(Source material Opens)

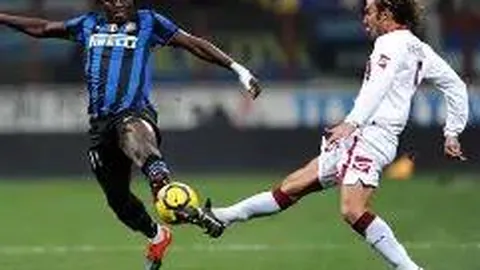 中泰足球较量在西海岸展开：泰国队球员技艺精湛，中国队展现强劲对抗力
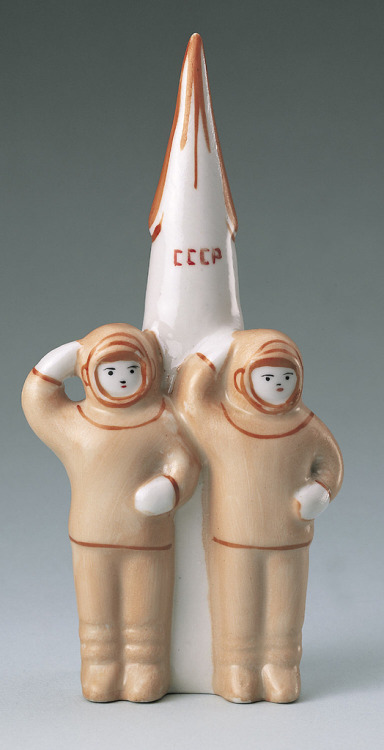 Cosmonauts and rocket Figure, 1960–70 - Gzhel Porcelain Factory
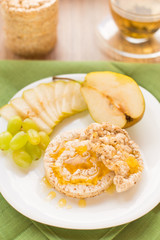 Corn crackers with honey and fruits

(Source material Closes)

→ **Task to complete**
Transcribe the listing above in full. Pictures are not part of the copy.

→ **Response**
 中泰足球较量在西海岸展开：泰国队球员技艺精湛，中国队展现强劲对抗力
 Cosmonauts and rocket Figure, 1960–70 - Gzhel Porcelain Factory
 Corn crackers with honey and fruits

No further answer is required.